[solved] Wireguard S2S down after upgrade

[securid]

I don't know if it happened after upgrading Site A or Site B. I should have checked before upgrading Site B but I forgot after chasing this wild goose for a few hours.

In any case, Site A has several peers in a "road warrior" setup. These work without a hitch. There is a peer for another OPNsense box (Site B) for a S2S which is down.

I have a backdoor via SSH and port forward, so I'm still able to access the OPNsense interface on Site B that way.

I checked firewall rules on both ends, no changes here.
I checked and verified public keys between instance B and its peer on A and vice versa. Pasted them to be sure and confirmed, restarted Wireguard. No change.

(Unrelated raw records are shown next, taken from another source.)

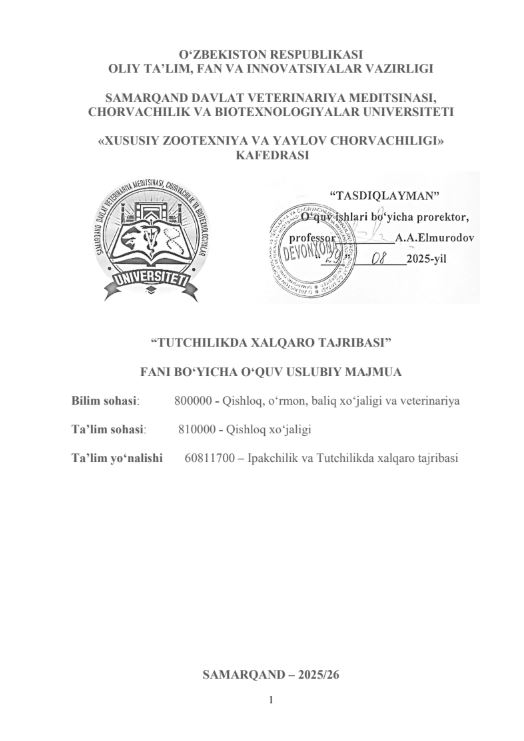 TUTCHILIKDA XALQARO TAJRIBASI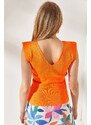 Olalook Women's Orange Sweatshirt And Skirt Detailed Front Back V Knitwear Blouse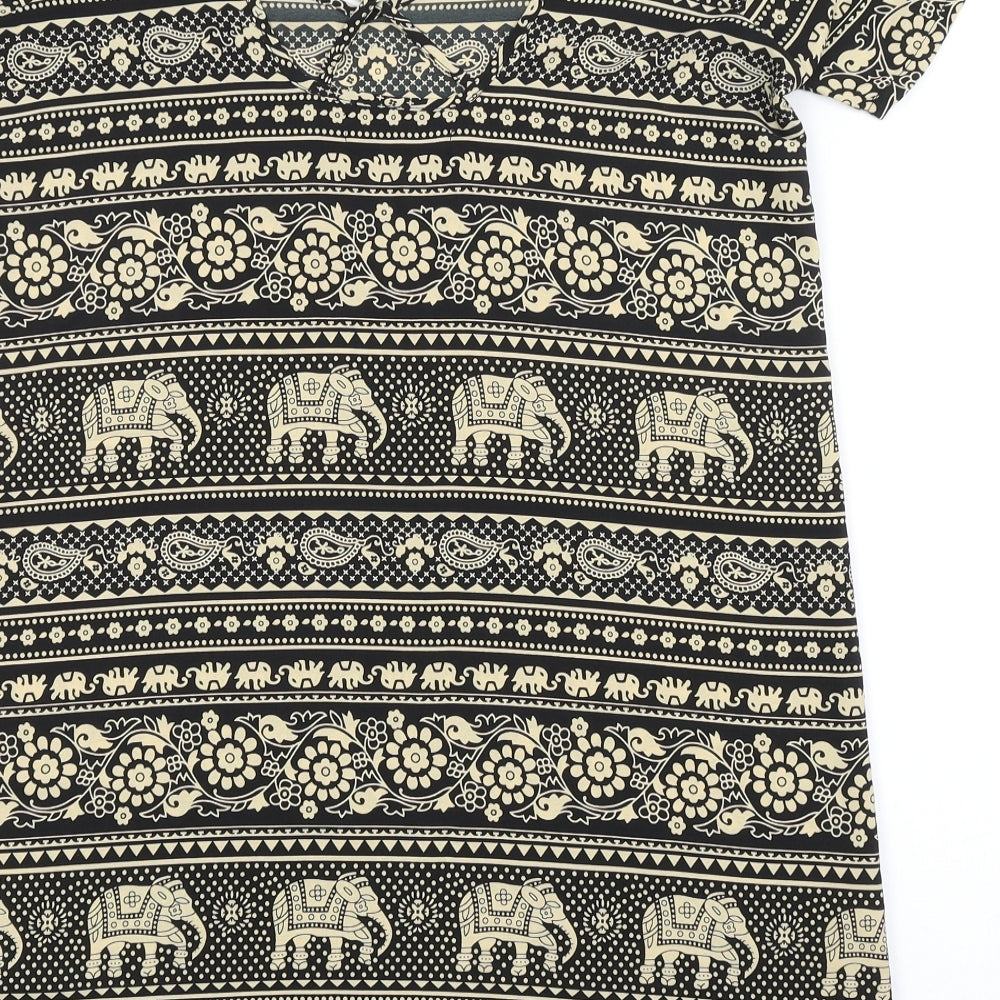 Boohoo Womens Multicoloured Paisley Basic Blouse Size 10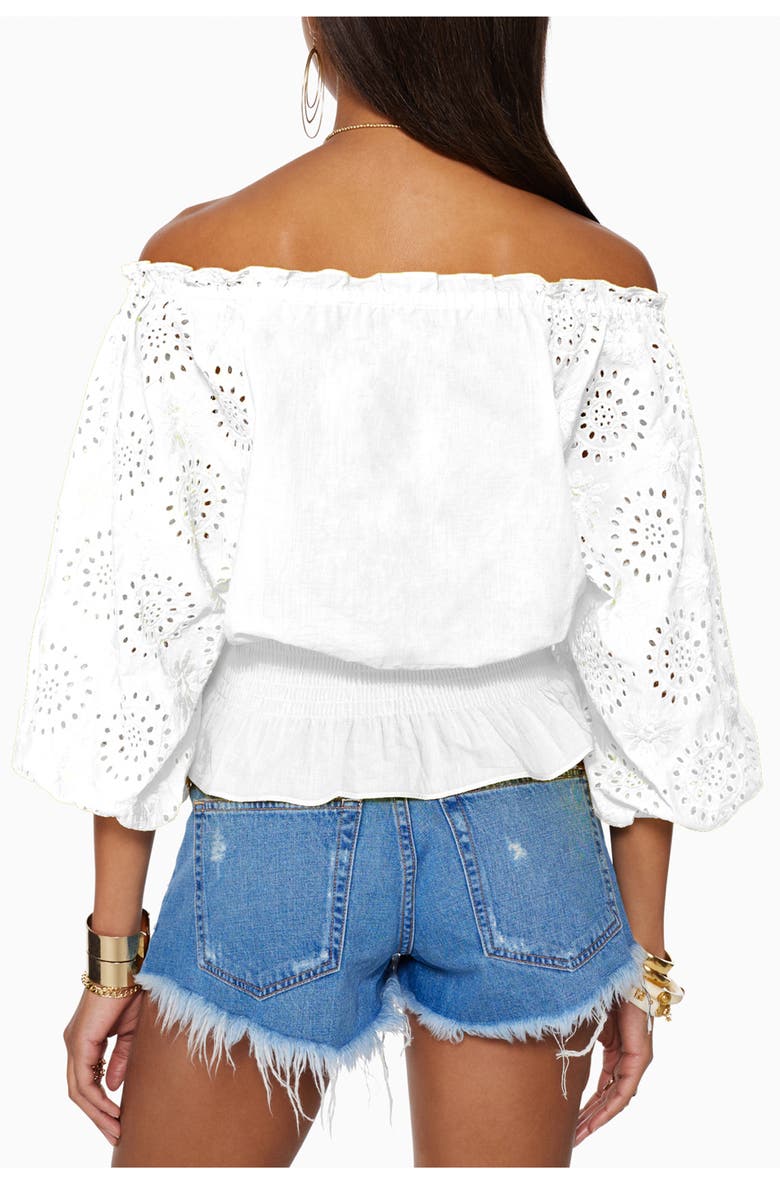 Ramy Brook Trish Off the Shoulder Cotton Eyelet Blouse, Alternate, color,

I can see one error in the logging on both ends and it has been there since forever. It still appears:

Code Select Expand


2024-02-03T15:34:17 Error wireguard /usr/local/opnsense/scripts/Wireguard/wg-service-control.php: ROUTING: not a valid interface gateway address: ''

I doubt that has anything to do with todays' issues.

Tcpdump shows packets on both sites on their outside interfaces but the handshake never completes.

What else can I do? I see nothing in the logging, keys are correct, packets are flowing?

[securid]

Solved it!

Don't ask why but the gateway was gone and on the interface it was set to "automatic".

I had to recreate the gateway and reconfigure it on the interface and things started working again.

[Cipher]

Solved it!

Don't ask why but the gateway was gone and on the interface it was set to "automatic".

I had to recreate the gateway and reconfigure it on the interface and things started working again.

i am facing a similar issue, do you mean the Site to Site Gateway was Gone?